Se donner les moyens de notre auto-défense

Dans cette idée, il est clair que le mouvement a commis l’erreur de maintenir une stratégie de solidarité qui consistait plus à renforcer par la défense d’une certaine esthétique les postures de l’identité anarchiste avec le slogan « Yo tambien soy anarquista ! » plutôt que de prendre le temps de la réflexion et d’élaborer une stratégie d’auto défense plus générale contre ce mode de gouvernement.

En adoptant cette stratégie de riposte symétrique, il est devenu toujours plus anarchiste. Son discours, ses pratiques, au lieu de s’élargir, de gagner en qualité et d’être réappropriées par d’autres, l’enferment dans la figure du militant radical que le pouvoir souhaite lui aussi renforcer, pour pouvoir l’isoler et s’en saisir plus facilement. Chaque opération de police contre le mouvement a pour objectif, non seulement de fragiliser nos capacités à nous organiser, mais aussi de formater l’identité anarchiste, la rendant de moins en moins rejoignable en l’isolant des autres composantes de la lutte. De cette manière, la force du mouvement hétérogène, populaire, héritage du mouvement des places et de la lutte autonome depuis les quartiers, s’étiole, devient peu à peu identifiable et stigmatisable.
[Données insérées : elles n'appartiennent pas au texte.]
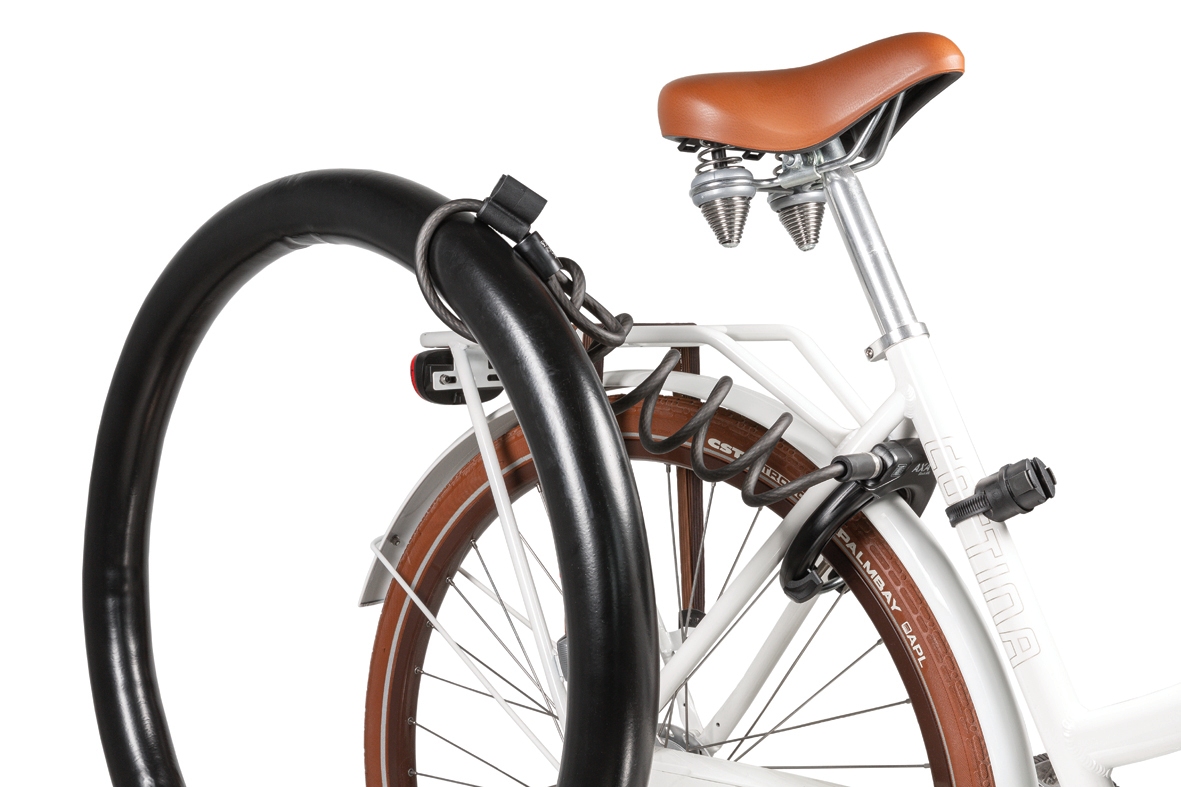 AXA plug-In spirallås 150 cm x ø10 mm Benyttes samme med  XXL bred 587-1, 587-10 & 588-1, men passer på alle AXA låse med plug-In.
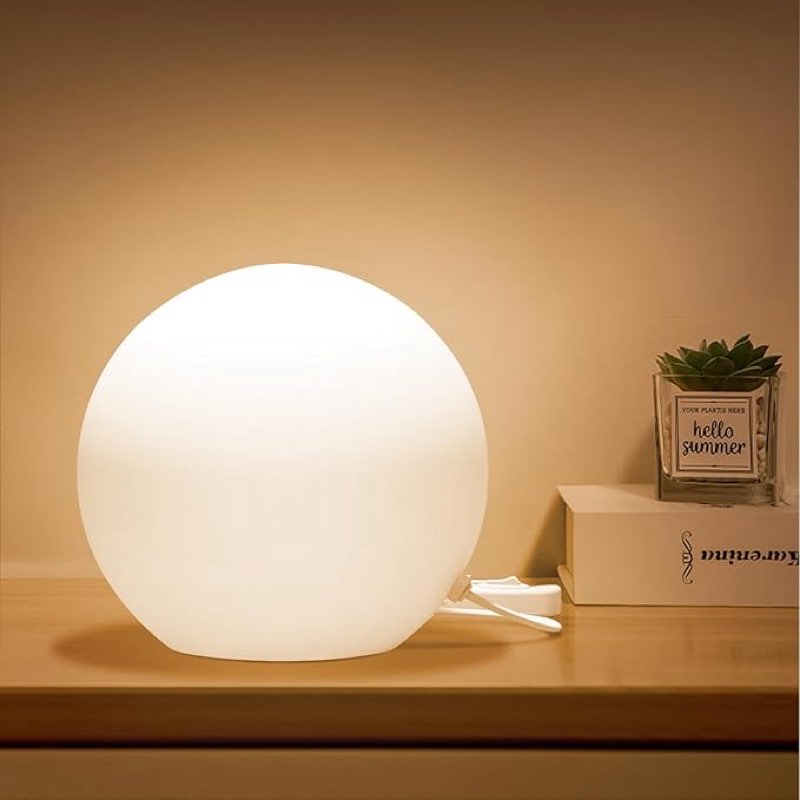 NewBiz Bri 7.8 Inch Ball Table Lamp with Glass Shade Stylish Ball Light Lamp for Bedroom Living Room
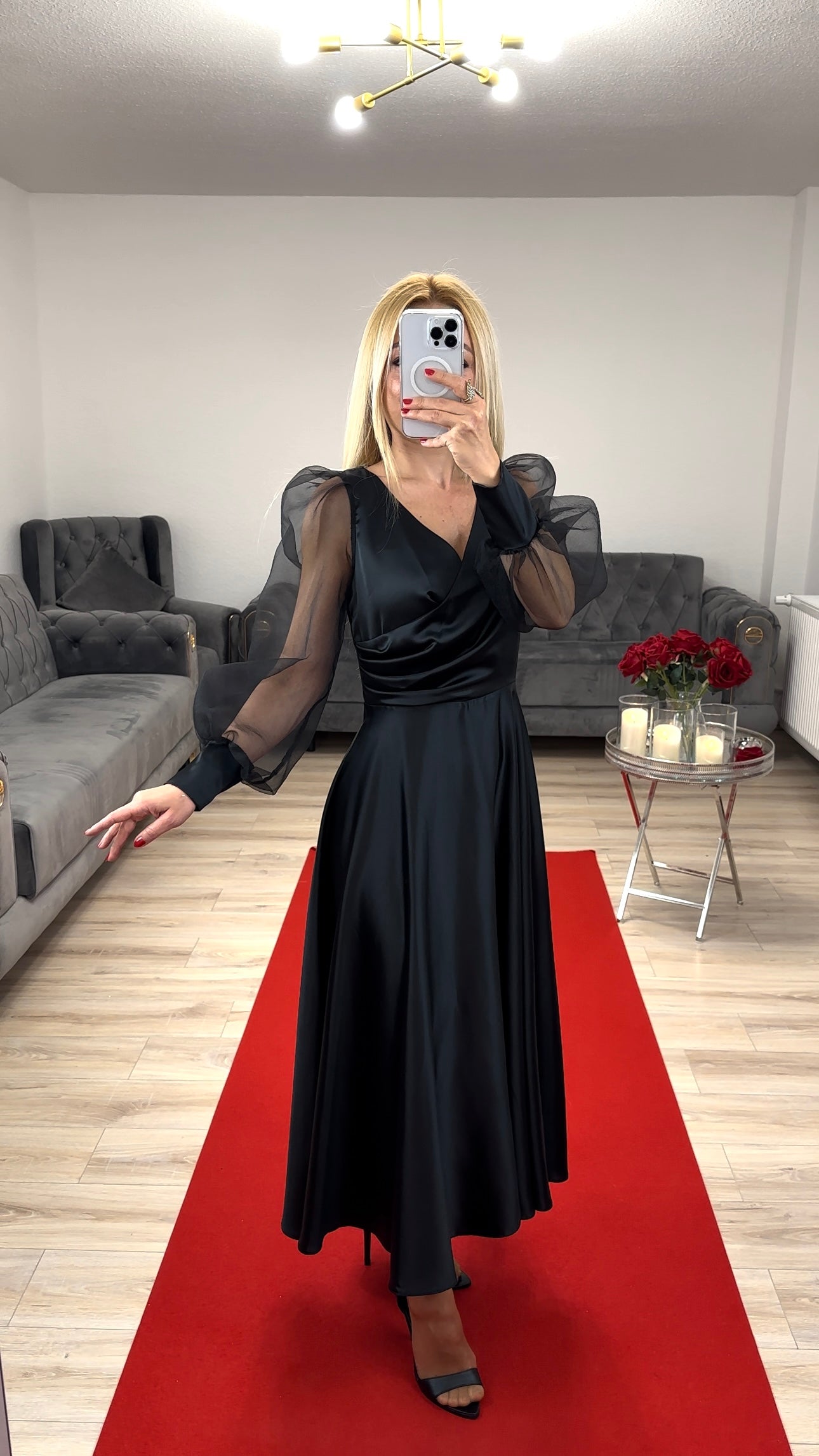 Midikleid mit Tüll Schwarz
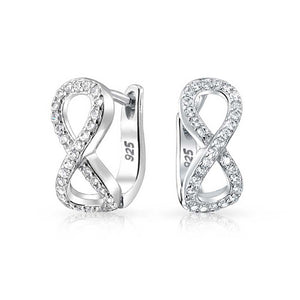 CZ Eternity Infinity Hoop Earrings 925 Sterling Silver - Joyeria Lady
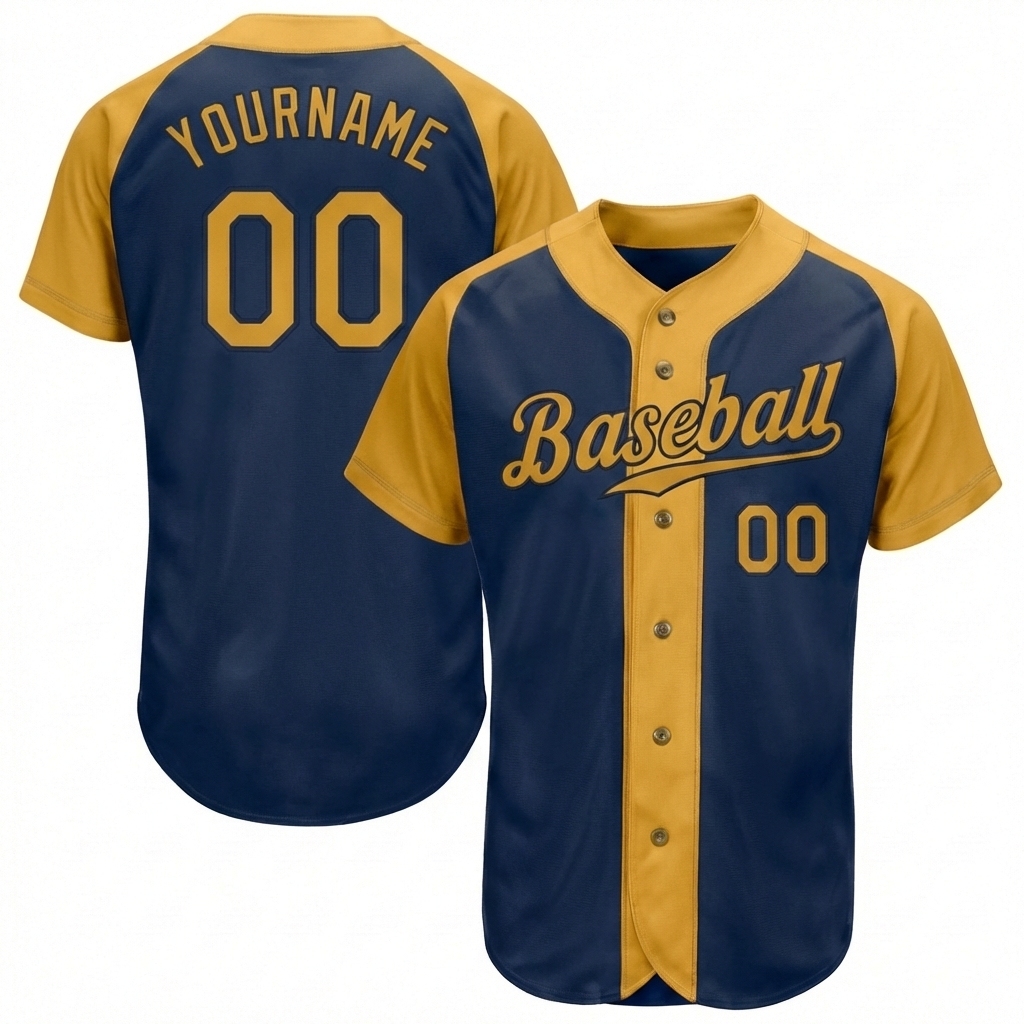 Custom Navy & Yellow Raglan Sleeves Baseball Jersey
Ce qui est clair, c’est qu’après ces trois opérations, notre réponse ne peut plus se cantonner aux manifestations et discours de justification. Ce dont il s’agit aujourd’hui, pour ne pas tomber dans les écueils de l’anti-repression, avec tout ce que cela contient d’isolement, c’est moins de rejouer les procès au sein même du mouvement, dans cet entre-soi confortable, à déterminer qui est le plus radical, le plus attaqué, que de renforcer la visibilité et le partage de nos luttes, de nos vies et de faire un pas de coté pour se rencontrer.
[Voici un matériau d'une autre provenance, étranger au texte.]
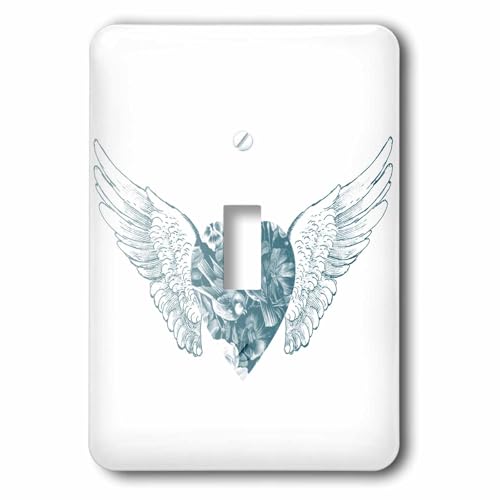 Cache pour interrupteur ailes d'ange et cœur 3dRose lsp_178839_1 - 2
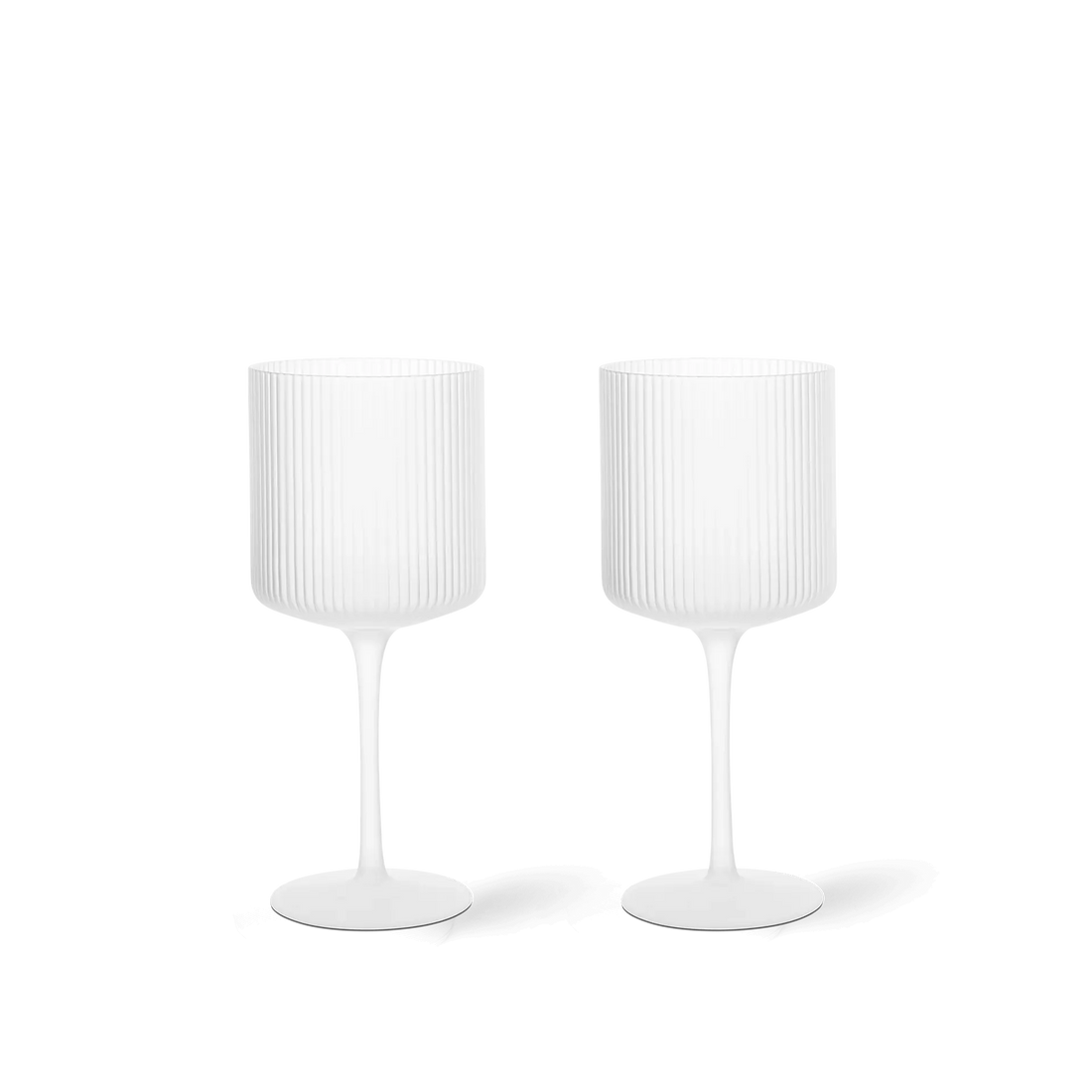Verres à vin Ripple Blanc Frosted - Set de 2 - Ferm Living-The Woods Gallery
« Contre la contre insurrection » ou comment apprendre des politiques anti-terroristes menées dans le passé

La stratégie de l’Audience Nationale, pendant les année 90 2000, avec la question Basque était similaire. Une politique administrée par les socialistes, sous le gouvernement du PSOE, ne disait rien d’autre lorsque son Ministre de l’Intérieur déclarait déjà « Todo es ETA ! ». Cette tactique a permis que, non seulement les réseaux de soutien aux prisonniers politiques, ou des organisations de jeunesse explicitement non violentes soient arrêtés, ainsi que les avocats qui s’engageaient pour leur défense. Cette fois-ci, ils semblent vouloir faire la même chose : « Todo es GAC ! » référence au Groupe Anarchiste Coordonné, accusé d’avoir fait exploser des bouteilles de camping-gaz ces dernières années.
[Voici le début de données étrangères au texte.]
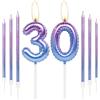 mciskin Set di Candele per 30° Compleanno - Numero 30 Con 6 Lunghe Viola Blu, per Torta, Ragazze e Ragazzi, Decorazioni per Feste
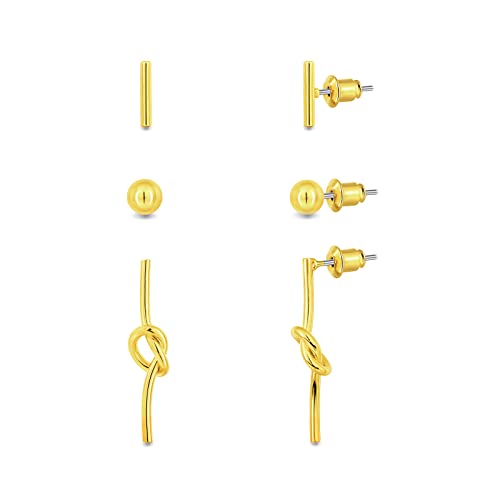 Women Small Stud Earrings Set: 3 Pairs Dainty Simple 14K Gold Plated Love Knot Bar Line Stick Ball Stud - Hypoallergenic Minimalist Cute Daily Jewelry Festival Gift For Girls Teen (Gold) #TOP4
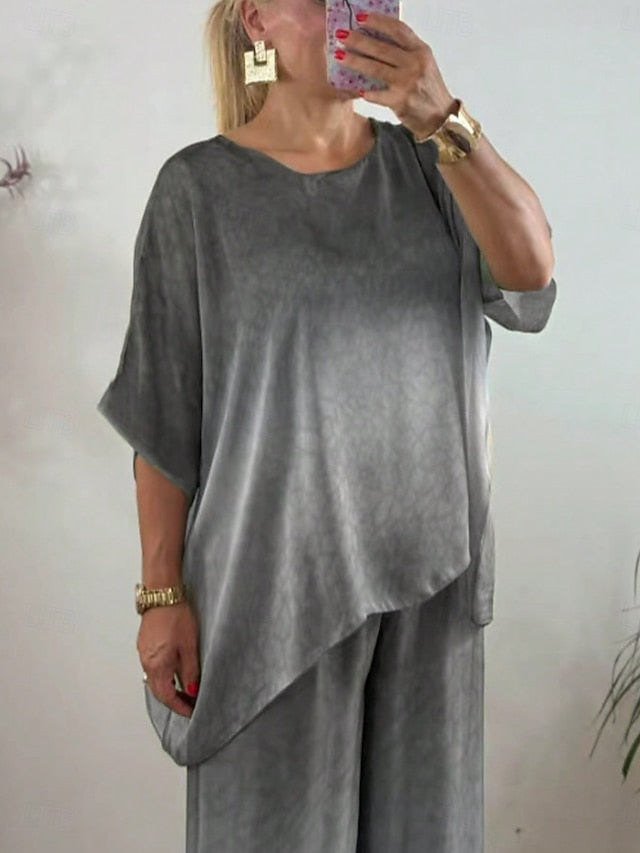 Women's Pants Sets 3/4 Length Sleeve Crew Neck Gradient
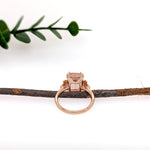 Tenu 14K Rose Gold 4.16cts Morganite Diamond Ring | Cushion 11x9mm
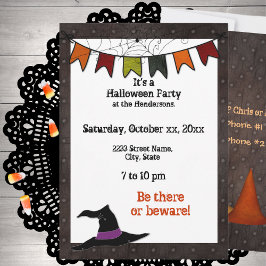 Invitación a la fiesta de Halloween con pancarta n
La technique de contre insurrection en Espagne, intégrée durant la dictature par tous les organes du pouvoir, est aujourd’hui bien rodée aux nouvelles configurations du mouvement. Poussant par la répression les groupes et militants les plus radicaux dans toujours plus d’opacité, l’État incite à commettre les mêmes erreurs, ce qui invite donc à redéfinir les stratégies.

Soit nous continuons à rendre opaque ce qui nous rend vivant, en tombant dans le piège de la clandestinité, soit nous acceptons nos faiblesses et renforçons notre intelligence et nos liens avec les mouvements sociaux en se dotant d’outils toujours plus pertinents.

Étrangement, deux jours après l’Operation PANDORA II, 9 personnes du mouvement indépendantiste de gauche en Galicie, ont été arrêtés sous les mêmes accusations et déférés à Madrid, sans preuves et sans autres formes de procès.